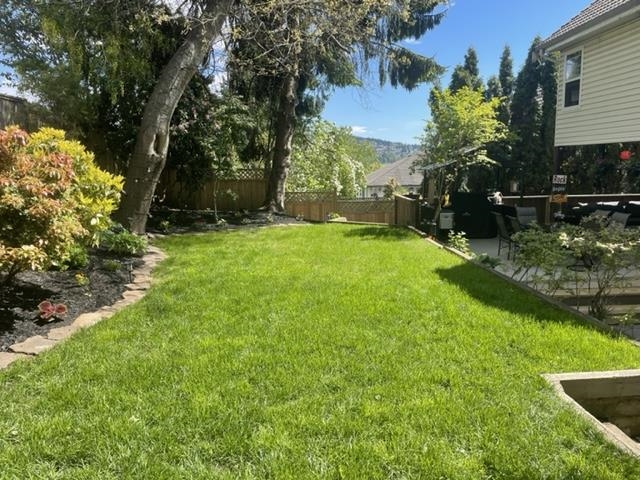 Primary Bedroom Photo of 318 Roche Point Drive, North Vancouver, BC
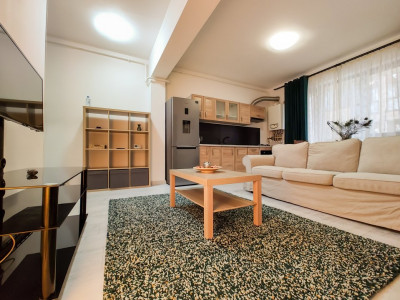 Confort urban pentru tine, loc parcare inclus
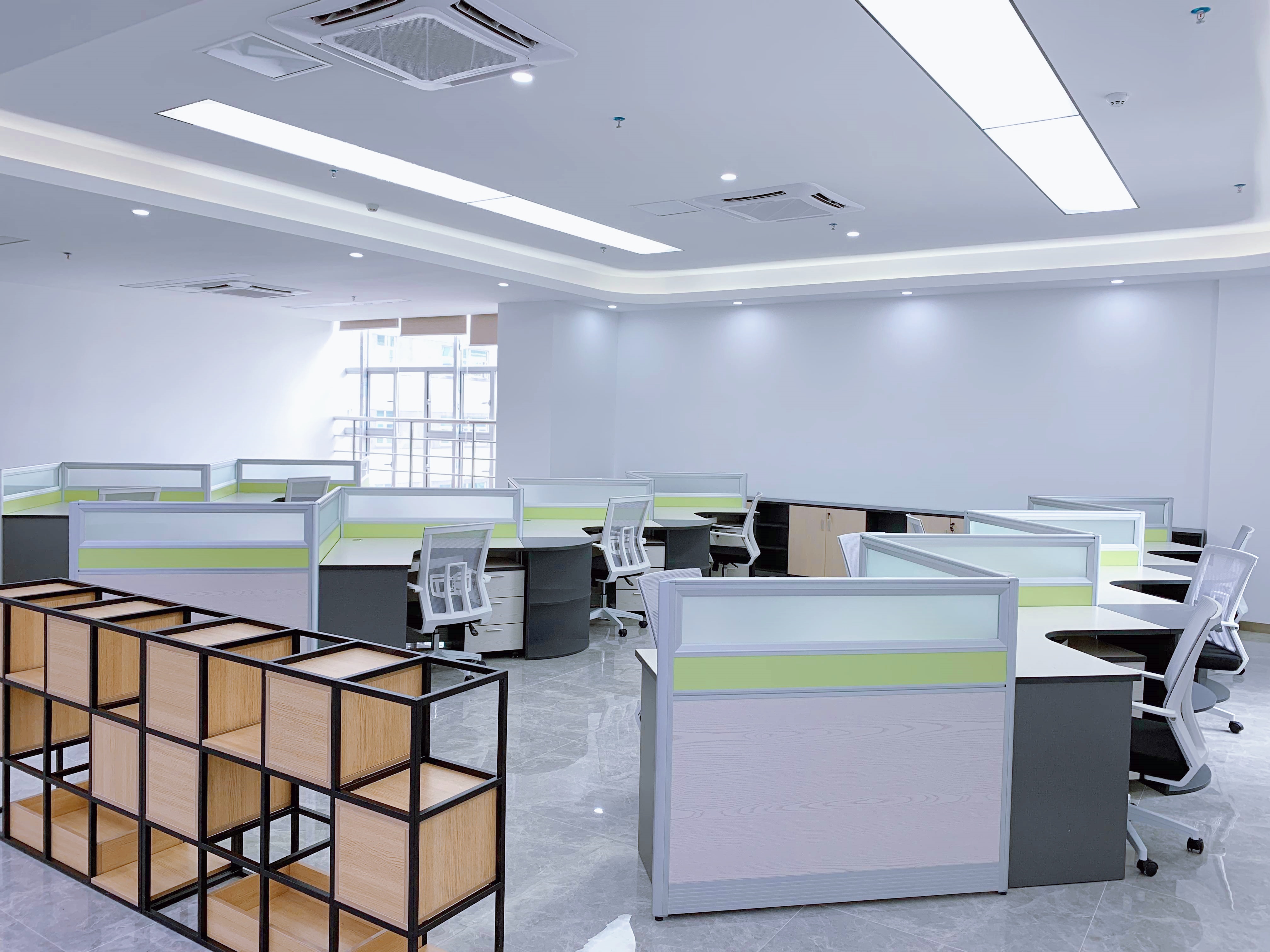 Sillas de escritorio de oficina max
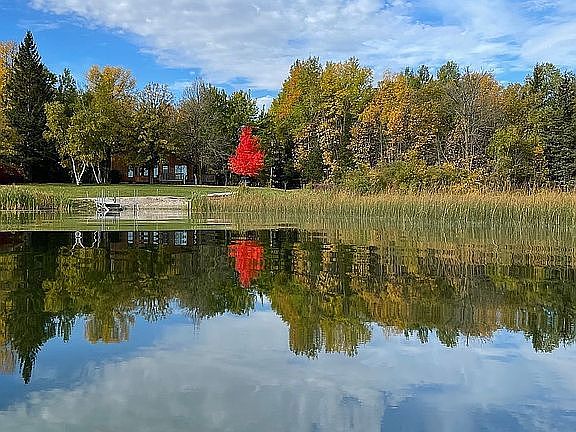 Tulaby Lake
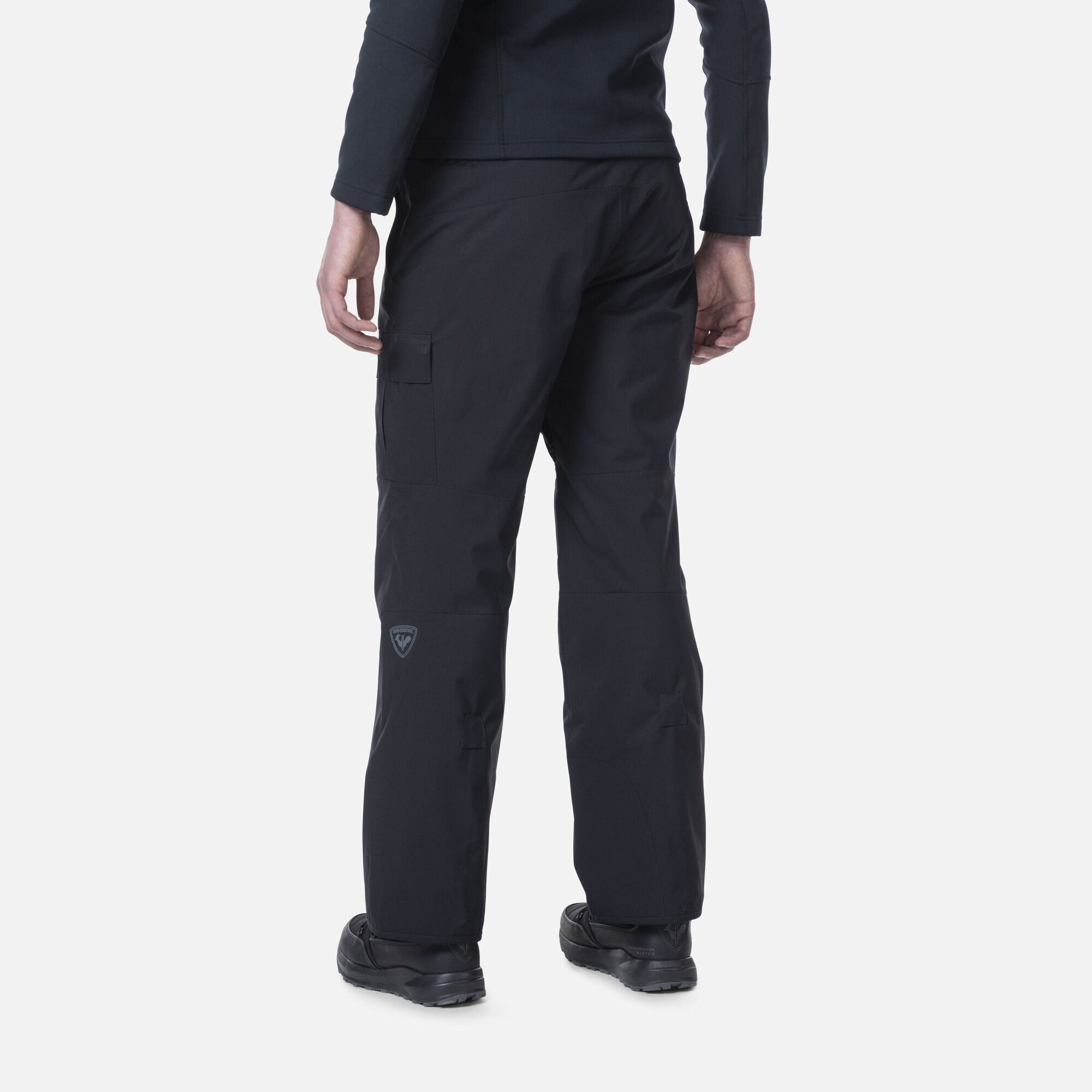 Pantalon de ski Relax homme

+++

-- What to work on --
All of the entries above are to be written out exactly, with no pictures.

-- Output for this task --
 Primary Bedroom Photo of 318 Roche Point Drive, North Vancouver, BC
 Confort urban pentru tine, loc parcare inclus
 Sillas de escritorio de oficina max
 Tulaby Lake
 Pantalon de ski Relax homme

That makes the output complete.